Prendiamo la generazione degli anni Sessanta, cresciuta in tempi ribelli (anche ideologizzati), creativi, ricchi di scoperte, immersi in un vento di speranza, segnati dalla conquista di una libertà e individualità personale, anche in contrasto con la famiglia, dall’affermazione della prima musica giovanile globale, il rock, che sintetizzava con parole, suoni, emozioni e riti la rottura generazionale nell’Occidente. A parte le derive terroristiche (non a caso avvenute in modo particolarmente virulento in paesi come l’Italia e la Germania, le cui società non avevano ancora fatto i conti con il passato fascista e nazista), i Sessanta sono stati anni con forti spinte verso il pacifismo, le libertà individuali, la parità tra uomo e donna, contro il razzismo. L’economia, poi, girava bene, generando un senso di rilassamento nella società. Cresciuti in un momento di progresso, si tende a vedere la realtà attraverso la sua lente: lo si cerca, lo si trova, lo si auspica ovunque. Ma, a cinquant’anni di distanza, diciamocelo: non sarebbe stato altrettanto facile, negli anni Sessanta e Settanta, trovare motivo di disperare nel progresso umano? Mai come allora l’umanità era minacciata di estinzione, avvolta com’era nella cappa nucleare della Guerra fredda fra Stati Uniti e Unione Sovietica; rivolgimenti geopolitici erano all’ordine del giorno (in Vietnam, in Medio Oriente con la Guerra dei sei giorni, nel continente africano...); dittature sanguinarie erano una forma di governo corrente; le risorse del Terzo mondo venivano depredate senza scrupoli, al prezzo di povertà, guerre e assassinii. Ma credevamo che tutto questo un giorno sarebbe cambiato. Sì, avevamo fiducia nel genere umano, a volte anche a costo di non riconoscere che dietro ai proclami di uguaglianza dei popoli si celavano terribili dittature, come in Cina e nell’orbita sovietica (ricordo tazebao al Liceo di Lugano inneggianti al leader dei khmer rossi cambogiani Pol Pot): forse un’ingenua fiducia.

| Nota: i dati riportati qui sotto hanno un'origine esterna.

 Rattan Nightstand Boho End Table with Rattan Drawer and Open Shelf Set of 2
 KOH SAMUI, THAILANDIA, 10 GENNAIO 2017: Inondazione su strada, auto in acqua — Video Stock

A differenza di oggi, ieri la spensieratezza era qui, le crisi e le tragedie altrove. Oggi invece viviamo in contemporanea crisi e opportunità: ci ritroviamo in casa guerre lontane (il reclutatore dell’Isis perfettamente integrato nel Luganese è l’ultimo esempio di globalizzazione del terrore), ma con i novelli aggeggi elettronici ci troviamo in mano un potentissimo specchio delle nostre brame; possediamo un know how tecnologico che l’umanità non ha mai conosciuto prima ma mettiamo a rischio la nostra esistenza sul pianeta; ci muoviamo attraverso lo spazio con estrema facilità, ma così fanno anche altri, con il fardello delle loro tragedie. La lezione che possiamo trarne, anche noi generazioni del dopoguerra, è duplice: era illusoria la nostra spensieratezza (quanti dei problemi odierni hanno radici in quei decenni?), ma possiamo continuare a perseguire il «progresso», consapevoli che bisogna metterci di nuovo più impegno per ottenerlo.